Furthermore, Germany is the primary source of vehicles for EU importation. 1,197 imported German cars were registered in 2018 in Vietnam, according to the General Department of Vietnam Customs. In November 2019, the German company ZF Friedrichshafen opened its plant for the first time in Haiphong, producing automotive chassis modules.
In addition, the Vietnamese Automobile Manufacturers Association (VAMA) reported that in the first nine months of 2019, VAMA members sold 219,205 cars of all varieties. This represents an 18% increase over the same time period the previous year. Also, the private automobile segment has grown, notably by 30% compared to 2019's equivalent period.
According to a CTS analysis, the cause for increased consumption of automobiles is Vietnam's robust GDP development. Vietnam is currently in the early stages of its growth cycle. In comparison with the GDP er capita of other nations in the region, Vietnam's automobile ownership growth rate is roughly 10.5% each year.
If GDP per person rises by 1%, automobile consumption per person should rise by 1.5%. Furthermore, car costs are predicted to reduce in the near future as measures to stimulate the economy such as a motorcycle ban in the city has an impact. This implies that the rate of increase in automobile consumption could be higher as well, reaching 12-15% each year over the following ten years.
Due to the many lockdowns imposed during the COVID-19 epidemic, many Vietnamese households saw a drop in income as well as a reduced need for travel.
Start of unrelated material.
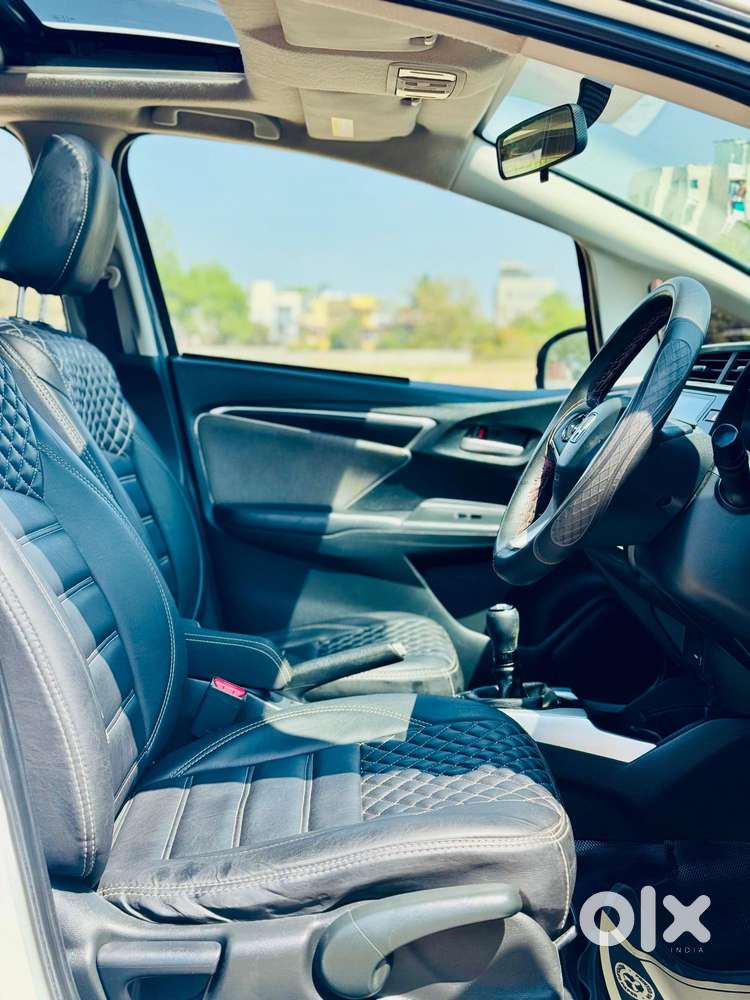 Honda Wr-v I-dtec Vx, 2018, Diesel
As a result, after years of constant increase, automotive sales volume decreased dramatically in 2020. As the pandemic situation in Vietnam improved in the first half of 2021, Vietnamese citizens expressed a stronger desire to buy big-ticket things, including cars.
After months of straight declines, the automobile segment in the country experienced its first rise in sales volume in September 2021. However, it may take years for Vietnam's vehicle sector to recover to pre-pandemic levels, with more constant and sustainable consumption growth.
The European Union Vietnam Free Trade Agreement (EVFTA) is knowns as a ambitious and comprehensive agreement that offers major benefits to both the EU and Vietnam. The pledge by Vietnam in order to abolish tariffs on EU exports once the deal takes effect is one of the most important aspects of this accord.
Once the EVFTA takes effect, Vietnam has promised to lower the import tariff on automobiles and auto parts exported from the EU to 0% after 7 to 10 years. The EVFTA agreement is likely to go into force once the Vietnamese National Assembly has ratified it. Consequently, by 2030, the Vietnamese automobile market should be entirely open to crucial European car manufacturing cities.
Furthermore, by 2030, the automotive market in Vietnam is expected to attain one million cars per year production capacity. The automobile industry in Vietnam is predicted to continue to scale up as middle-class earnings rise and the country's motorization landscape changes.
However, due to supply chain disruptions and lower demand, the vehicle sector is likely to experience short-term reductions as it adjusts. Government subsidies and Vietnam's free trade agreements, such as the EVFTA, are expected to help the industry thrive in the long run, supported by a expanding middle class.
More people in Vietnam are buying cars as a result of recent economic developments. For many Vietnamese people, what was once regarded as significant investment has become a more attainable goal. Vietnam's automotive market has exploded in the last five years, becoming one of the fastest-growing in Southeast Asia.
Despite the negative effects of the COVID-19 pandemic on automobile sales over the last two years, Vietnam automotive industry is expected to growth. In the coming years, the passenger vehicle segment, in particular, is expected to expand. Hope you guys can enjoys this article.